A few weeks ago, I was listening to a presentation at SAP in New York titled “Women in Power and Sexism Online” by Faye Raincock, head of communications for Havas UK. I was shocked (although, sadly on the other hand - not so shocked) to hear how common hate speech and sexual harassment online towards influential women actually is. Over a six month period, Raincock and her team conducted a study examining tweets received by 150 powerful women, including global leaders, entertainers, broadcasters, politicians and athletes. From the 50 million tweets received, over six and half million tweets were categorized as abusive. This means on average 200 abusive tweets per day were sent to each woman.

These messages were sorted in four categories: gender-specific slurs, intellect and ability, and sexual harassment and violence.
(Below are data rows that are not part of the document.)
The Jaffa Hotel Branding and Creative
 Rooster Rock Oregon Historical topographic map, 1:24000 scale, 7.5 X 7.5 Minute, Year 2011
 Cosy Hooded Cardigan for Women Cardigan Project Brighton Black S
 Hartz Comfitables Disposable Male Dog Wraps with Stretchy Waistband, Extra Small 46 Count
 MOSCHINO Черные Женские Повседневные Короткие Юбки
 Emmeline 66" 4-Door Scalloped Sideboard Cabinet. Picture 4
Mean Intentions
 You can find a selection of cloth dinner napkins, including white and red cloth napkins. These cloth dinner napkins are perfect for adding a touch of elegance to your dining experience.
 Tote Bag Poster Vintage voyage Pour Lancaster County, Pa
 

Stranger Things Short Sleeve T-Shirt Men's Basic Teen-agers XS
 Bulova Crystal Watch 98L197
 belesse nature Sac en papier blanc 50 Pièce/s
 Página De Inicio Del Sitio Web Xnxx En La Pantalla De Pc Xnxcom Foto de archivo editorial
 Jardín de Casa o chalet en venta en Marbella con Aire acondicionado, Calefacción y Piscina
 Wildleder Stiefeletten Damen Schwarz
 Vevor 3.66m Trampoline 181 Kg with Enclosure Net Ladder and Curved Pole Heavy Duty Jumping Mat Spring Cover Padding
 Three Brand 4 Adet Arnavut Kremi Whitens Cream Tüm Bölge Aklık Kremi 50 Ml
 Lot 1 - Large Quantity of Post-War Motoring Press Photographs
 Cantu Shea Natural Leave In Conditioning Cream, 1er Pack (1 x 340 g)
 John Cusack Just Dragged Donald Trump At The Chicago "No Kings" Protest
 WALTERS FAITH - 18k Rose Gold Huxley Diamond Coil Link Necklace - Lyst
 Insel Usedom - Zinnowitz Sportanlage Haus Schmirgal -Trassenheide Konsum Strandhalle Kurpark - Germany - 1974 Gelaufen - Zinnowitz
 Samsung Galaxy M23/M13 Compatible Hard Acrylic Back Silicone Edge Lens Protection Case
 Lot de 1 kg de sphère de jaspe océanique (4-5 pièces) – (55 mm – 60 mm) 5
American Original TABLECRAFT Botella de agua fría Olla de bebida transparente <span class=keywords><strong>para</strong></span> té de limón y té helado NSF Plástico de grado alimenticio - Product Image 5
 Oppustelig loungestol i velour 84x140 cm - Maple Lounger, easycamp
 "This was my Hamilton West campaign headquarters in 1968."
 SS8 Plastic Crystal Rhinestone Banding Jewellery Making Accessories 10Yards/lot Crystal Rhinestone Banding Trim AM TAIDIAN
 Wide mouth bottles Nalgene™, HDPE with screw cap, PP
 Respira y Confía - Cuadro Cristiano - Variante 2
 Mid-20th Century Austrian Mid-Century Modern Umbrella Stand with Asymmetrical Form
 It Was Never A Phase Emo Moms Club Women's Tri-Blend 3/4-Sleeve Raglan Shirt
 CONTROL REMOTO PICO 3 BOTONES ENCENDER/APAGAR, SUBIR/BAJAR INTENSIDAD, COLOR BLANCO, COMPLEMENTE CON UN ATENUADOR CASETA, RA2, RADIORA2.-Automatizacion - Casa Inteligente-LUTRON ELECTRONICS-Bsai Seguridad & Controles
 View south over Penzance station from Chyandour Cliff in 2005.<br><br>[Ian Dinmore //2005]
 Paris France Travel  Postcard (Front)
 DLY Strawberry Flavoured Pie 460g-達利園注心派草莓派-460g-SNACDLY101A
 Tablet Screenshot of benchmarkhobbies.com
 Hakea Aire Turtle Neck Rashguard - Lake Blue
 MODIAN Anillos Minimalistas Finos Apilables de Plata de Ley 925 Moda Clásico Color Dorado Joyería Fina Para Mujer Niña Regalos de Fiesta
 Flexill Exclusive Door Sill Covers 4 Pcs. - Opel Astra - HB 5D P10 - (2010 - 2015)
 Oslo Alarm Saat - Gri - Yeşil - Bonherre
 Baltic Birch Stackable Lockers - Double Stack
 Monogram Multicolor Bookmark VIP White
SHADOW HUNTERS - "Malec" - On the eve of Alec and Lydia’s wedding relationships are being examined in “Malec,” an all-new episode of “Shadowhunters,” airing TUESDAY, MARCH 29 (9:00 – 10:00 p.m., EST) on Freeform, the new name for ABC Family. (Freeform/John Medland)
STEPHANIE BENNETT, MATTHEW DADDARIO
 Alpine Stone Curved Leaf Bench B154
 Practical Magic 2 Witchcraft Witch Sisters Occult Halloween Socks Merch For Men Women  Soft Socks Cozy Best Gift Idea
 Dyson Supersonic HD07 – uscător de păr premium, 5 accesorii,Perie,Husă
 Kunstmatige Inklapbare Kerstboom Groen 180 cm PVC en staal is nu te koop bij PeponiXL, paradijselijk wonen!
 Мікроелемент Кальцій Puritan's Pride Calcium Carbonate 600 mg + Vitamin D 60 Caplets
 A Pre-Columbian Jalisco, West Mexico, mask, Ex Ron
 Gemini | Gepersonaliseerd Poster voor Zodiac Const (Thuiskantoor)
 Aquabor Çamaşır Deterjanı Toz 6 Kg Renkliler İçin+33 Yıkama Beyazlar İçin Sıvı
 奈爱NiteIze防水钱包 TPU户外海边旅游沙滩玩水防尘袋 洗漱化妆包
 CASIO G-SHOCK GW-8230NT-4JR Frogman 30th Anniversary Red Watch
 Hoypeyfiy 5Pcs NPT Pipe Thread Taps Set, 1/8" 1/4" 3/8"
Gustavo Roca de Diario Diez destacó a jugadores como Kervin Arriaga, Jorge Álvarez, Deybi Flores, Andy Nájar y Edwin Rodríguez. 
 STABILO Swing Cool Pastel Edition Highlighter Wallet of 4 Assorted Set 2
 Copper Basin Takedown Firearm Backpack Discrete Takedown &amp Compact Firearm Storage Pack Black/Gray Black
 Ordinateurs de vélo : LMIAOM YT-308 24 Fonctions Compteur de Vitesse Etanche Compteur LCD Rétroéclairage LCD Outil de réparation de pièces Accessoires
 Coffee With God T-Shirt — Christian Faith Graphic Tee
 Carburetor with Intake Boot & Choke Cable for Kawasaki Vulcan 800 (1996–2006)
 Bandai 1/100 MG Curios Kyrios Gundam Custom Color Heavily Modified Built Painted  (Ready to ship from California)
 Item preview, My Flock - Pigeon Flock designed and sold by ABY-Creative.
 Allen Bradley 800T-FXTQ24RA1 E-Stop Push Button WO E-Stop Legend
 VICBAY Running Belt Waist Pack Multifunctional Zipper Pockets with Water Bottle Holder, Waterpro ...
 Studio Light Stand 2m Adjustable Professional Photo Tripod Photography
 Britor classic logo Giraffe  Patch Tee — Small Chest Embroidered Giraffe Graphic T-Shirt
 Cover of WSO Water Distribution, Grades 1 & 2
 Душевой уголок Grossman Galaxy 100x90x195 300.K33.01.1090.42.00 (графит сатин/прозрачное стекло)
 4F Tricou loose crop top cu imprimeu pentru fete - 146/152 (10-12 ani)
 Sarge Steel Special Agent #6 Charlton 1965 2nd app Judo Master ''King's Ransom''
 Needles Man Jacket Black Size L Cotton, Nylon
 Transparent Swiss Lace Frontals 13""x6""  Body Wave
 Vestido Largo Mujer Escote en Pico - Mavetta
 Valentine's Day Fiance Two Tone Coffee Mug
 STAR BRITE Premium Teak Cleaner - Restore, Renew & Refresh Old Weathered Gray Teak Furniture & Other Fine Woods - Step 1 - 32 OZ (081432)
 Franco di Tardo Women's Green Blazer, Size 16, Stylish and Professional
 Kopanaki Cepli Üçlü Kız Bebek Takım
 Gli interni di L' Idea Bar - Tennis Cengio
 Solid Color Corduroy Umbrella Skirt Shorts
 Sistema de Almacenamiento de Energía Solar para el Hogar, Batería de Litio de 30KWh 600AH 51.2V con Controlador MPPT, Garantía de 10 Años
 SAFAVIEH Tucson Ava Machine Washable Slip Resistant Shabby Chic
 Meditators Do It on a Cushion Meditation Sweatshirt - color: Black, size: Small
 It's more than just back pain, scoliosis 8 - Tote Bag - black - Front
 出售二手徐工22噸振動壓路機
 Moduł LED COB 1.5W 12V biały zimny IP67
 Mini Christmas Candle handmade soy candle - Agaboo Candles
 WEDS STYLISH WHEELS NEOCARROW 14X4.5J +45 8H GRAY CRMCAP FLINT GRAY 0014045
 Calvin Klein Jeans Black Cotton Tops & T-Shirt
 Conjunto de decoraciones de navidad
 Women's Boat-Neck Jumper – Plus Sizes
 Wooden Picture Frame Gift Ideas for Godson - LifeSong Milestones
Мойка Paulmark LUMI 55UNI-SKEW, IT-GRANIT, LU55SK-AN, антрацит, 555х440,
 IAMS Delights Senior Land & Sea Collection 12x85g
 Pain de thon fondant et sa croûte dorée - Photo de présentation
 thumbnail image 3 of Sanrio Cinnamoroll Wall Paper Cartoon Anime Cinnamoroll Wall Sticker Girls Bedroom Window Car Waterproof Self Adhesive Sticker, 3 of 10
Sexual harassment constituted the majority of the adverse tweets among global leaders, entertainers, broadcasters and athletes, while politicians received hateful tweets mostly about their intellect & ability, as well as threats of violence.

Sometimes people try to justify the harassment and blame the victims. Raincock shared that she often hears comments like, “Taylor Swift is shaking her ass to the camera in bikinis, she’s begging for it”. Her usual response to people claiming that women ‘had it coming’ is: “When was the last time you saw Emma Watson or Hillary Clinton shaking their ass in bikini?”.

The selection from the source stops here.